Task goal
Return every entry exactly, except for any pictures.

Information given
───

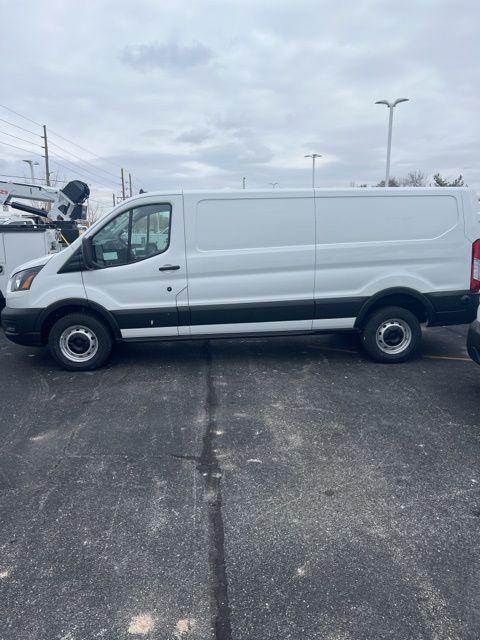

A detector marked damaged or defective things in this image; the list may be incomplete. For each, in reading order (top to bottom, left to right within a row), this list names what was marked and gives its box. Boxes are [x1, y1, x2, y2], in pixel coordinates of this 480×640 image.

crack in asphalt [172, 342, 232, 640]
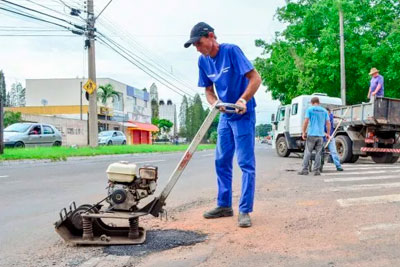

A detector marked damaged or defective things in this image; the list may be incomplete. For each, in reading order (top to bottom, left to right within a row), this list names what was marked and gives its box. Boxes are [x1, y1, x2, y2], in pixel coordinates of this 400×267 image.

fresh asphalt patch [104, 230, 206, 258]
pothole repair [103, 230, 208, 258]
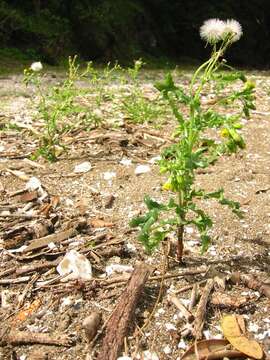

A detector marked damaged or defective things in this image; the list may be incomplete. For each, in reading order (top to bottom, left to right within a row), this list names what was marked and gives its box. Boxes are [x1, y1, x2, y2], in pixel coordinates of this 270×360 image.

broken stick [96, 262, 152, 360]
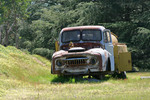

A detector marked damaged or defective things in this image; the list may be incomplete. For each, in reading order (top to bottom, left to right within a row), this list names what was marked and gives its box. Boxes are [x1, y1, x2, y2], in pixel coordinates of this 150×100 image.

rusty old truck [51, 25, 131, 78]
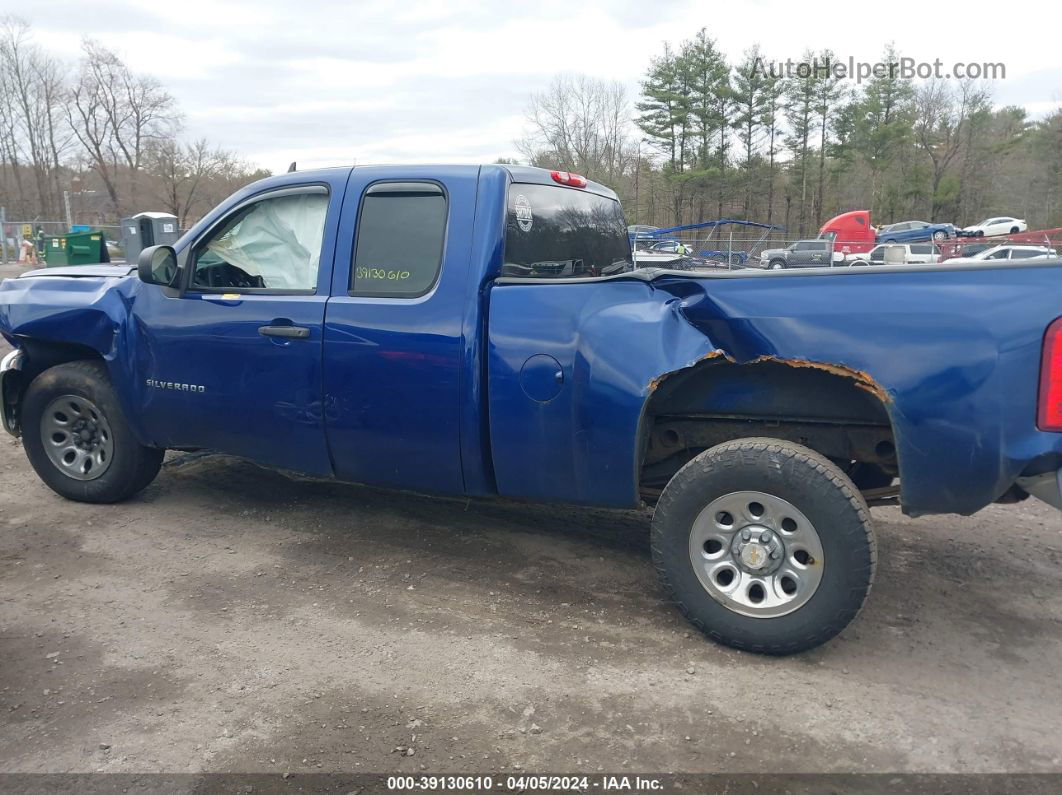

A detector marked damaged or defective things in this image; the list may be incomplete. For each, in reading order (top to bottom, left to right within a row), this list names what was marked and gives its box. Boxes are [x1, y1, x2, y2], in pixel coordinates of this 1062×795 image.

rust damage [648, 352, 896, 408]
damaged rear quarter panel [488, 268, 1062, 516]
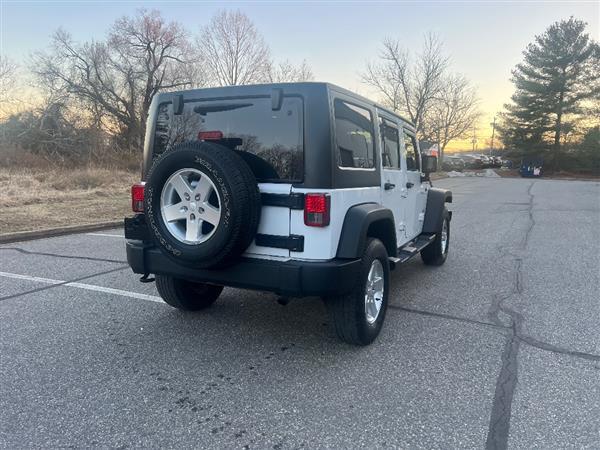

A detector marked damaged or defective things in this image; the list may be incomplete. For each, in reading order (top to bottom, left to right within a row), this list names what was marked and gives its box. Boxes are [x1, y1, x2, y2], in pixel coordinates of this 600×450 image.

───

Reply to the task
A detector marked damaged or defective things in this image; the list may be incomplete. For each, in reading order (top to bottom, left to right within a row), this list names what was marked and gives its box. Boxes are [x1, y1, x2, y2], in pixel coordinates of this 480×640 image.

crack in asphalt [172, 342, 232, 640]

A detector marked damaged or defective things in this image; the list may be incomplete. For each, in reading order (top to bottom, left to right within a row), this list names what was marked and gives its box. Boxes are [x1, y1, x2, y2], in pixel coordinates of this 400×267 image.

fresh asphalt patch [104, 230, 206, 258]
pothole repair [103, 230, 208, 258]

A detector marked damaged or defective things in this image; the list may be incomplete. For each, in reading order (top to bottom, left to right within a row), this list names what was marked and gives its box. Boxes are [x1, y1, x2, y2], in pixel coordinates of this 270×360 image.

broken stick [96, 262, 152, 360]

A detector marked damaged or defective things in this image; the list may be incomplete. For each, in reading order (top to bottom, left to right within a row), this list names what was marked and gives its box. Boxes are [x1, y1, x2, y2], in pixel coordinates of this 150×100 image.

rusty old truck [51, 25, 131, 78]

A detector marked damaged or defective things in this image; the list may be incomplete. For each, in reading order (top to bottom, left to right within a row), this list names what was marked and gives its box. Boxes are [x1, y1, x2, y2], in pixel coordinates of this 1062×795 image.

rust damage [648, 352, 896, 408]
damaged rear quarter panel [488, 268, 1062, 516]

A detector marked damaged or defective things in this image; the list may be incomplete. For each, in reading order (top to bottom, left to right within a row), this list names what was marked and gives its box. Boxes are [x1, y1, x2, y2], in pixel coordinates of this 600×450 image.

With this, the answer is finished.